Se appare sempre più solida l'ipotesi che F. fosse architetto in senso pieno, rimane invece aperta e difficile
da risolvere la questione della parte che l'Alberti può aver avuto in alcune sue scelte progettuali.
Nel corpus delle architetture attribuitegli, infatti, gli aspetti innovativi più importanti sono di ispirazione
albertiana. Se è possibile, visti i suoi rapporti con Pio II, che l'Alberti abbia suggerito al papa il nome di F. per
la loggia delle Benedizioni in Vaticano e ne abbia ispirato direttamente le scelte fondamentali, rimane meno
chiaro se dopo questa prima esperienza F. abbia proseguito autonomamente o abbia continuato come
minimo a consultare, come era d'uso, l'Alberti. L'intervento diretto dell'Alberti è comunque più che
probabile almeno in una parte del palazzo di S. Marco, la botte cassettonata di conglomerato del vestibolo,
realizzata intorno al 1467, pienamente rispondente al tipo di opera albertiana che, in un brano del De re
aedificatoria verosimilmente inserito dopo il 1452, Leon Battista dichiara di aver realizzato. Non è rimasta,
infatti, memoria di nessuna altra volta del genere realizzata durante la vita del trattatista.

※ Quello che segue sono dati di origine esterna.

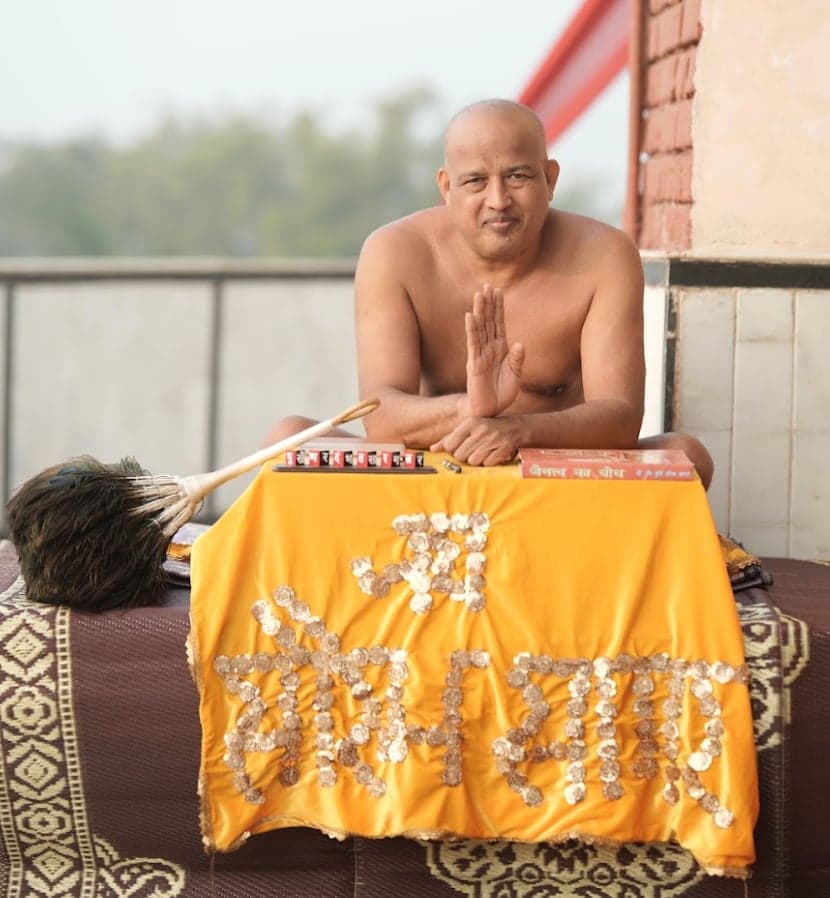 दिगम्बराचार्य श्री सौरभ सागर जी महामुनिराज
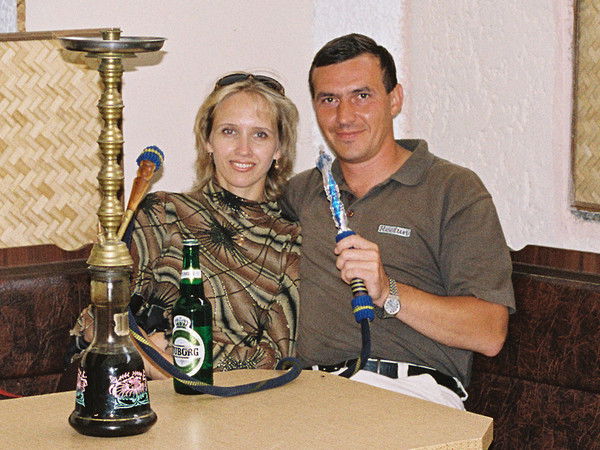 Олег Паденков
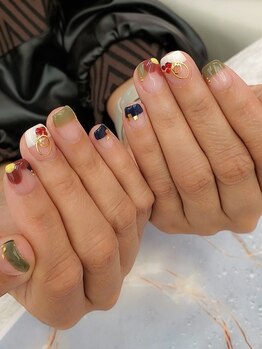 フェアリー 恵比寿店/和柄　お正月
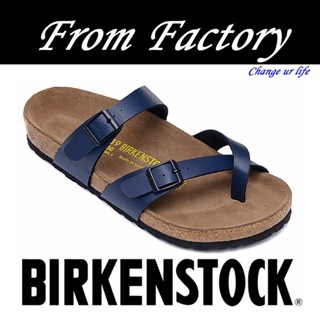 พร้อมส่ง Birkenstock Mayari รองเท้าแตะ สําหรับผู้ชาย ผู้หญิง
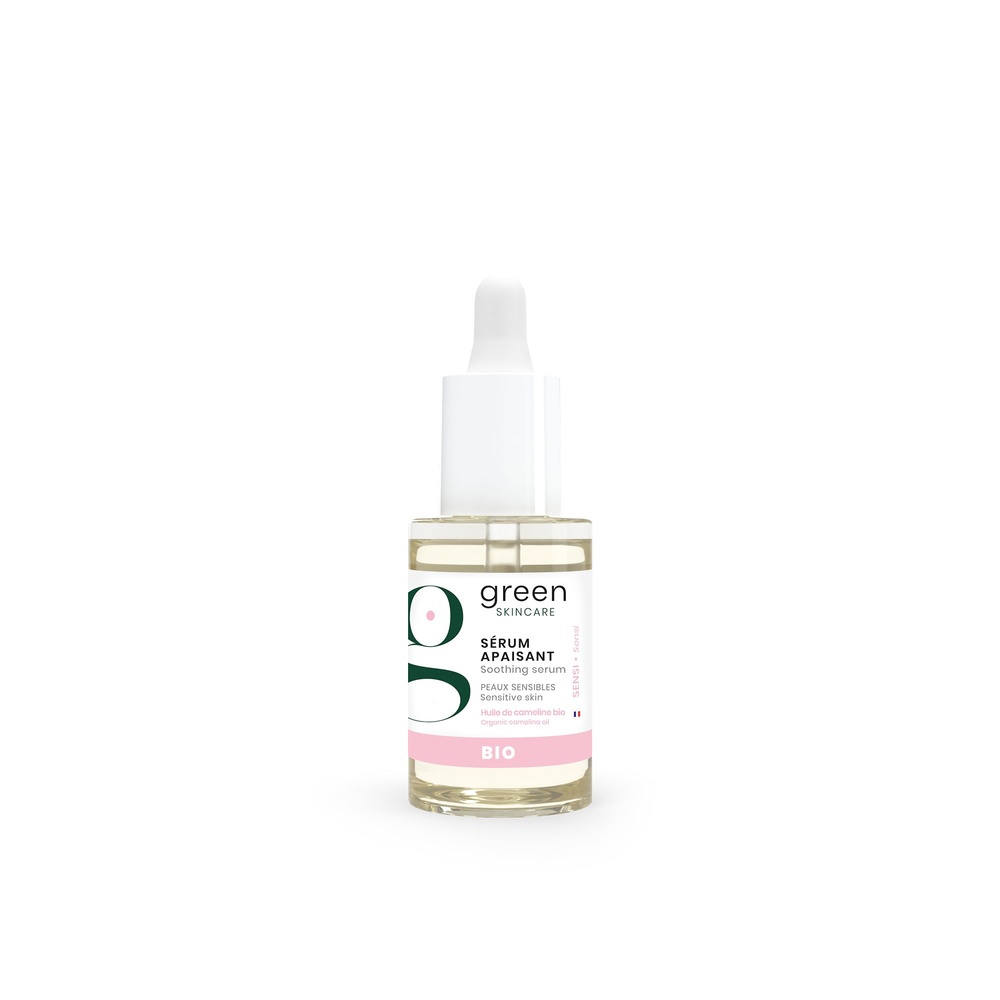 Green Skincare Sérum apaisant SENSI Sérum apaisant SENSI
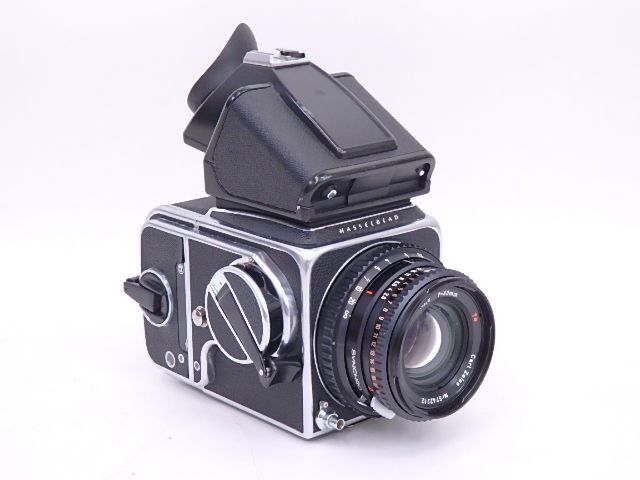 Hasselbladの中判カメラを売るならカメラ買取専門店｜カメラのリサマイ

Verso la fine della sua vita, nel luglio 1467, F. fu di nuovo arrestato, con l'accusa di aver ritardato i
pagamenti dovuti a maestranze e impiegati papali, ma dopo alcuni mesi fu rilasciato. Dovette essere
riconosciuto innocente, poiché conservò fino alla morte il suo stipendio di "provisionato" del papa (Zippel,
in Canensi, p. 149 n.) e il 10 maggio 1468 era ancora depositario della Camera capitolina. Morì nel giugno
1468, lasciando all'ospedale del Ss. Salvatore ad Sancta Sanctorum 100 fiorini per la celebrazione di messe
e indicando il medico papale Jacopo Gottifredi come esecutore testamentario fu sepolto in S. Pietro.

L'inventario dei beni redatto subito dopo la morte mostra la posizione che F. aveva raggiunto: possedeva
una casa a due piani, con una saletta e uno studio, una stalla con due cavalcature, gioielli e un ricco
vestiario. Vi si rispecchiano la sua attività di contabile, con la presenza di registri e cedole, i suoi interessi e i
suoi studi. Sono elencati, infatti, un astrolabio, un paio di "bipassi" (per disegnare o prendere misure) e 17
codici di cui non si precisano i titoli (Spotti Tantillo, 1975, pp. 79, 80, 86; Frommel 1984, pp. 137 s.).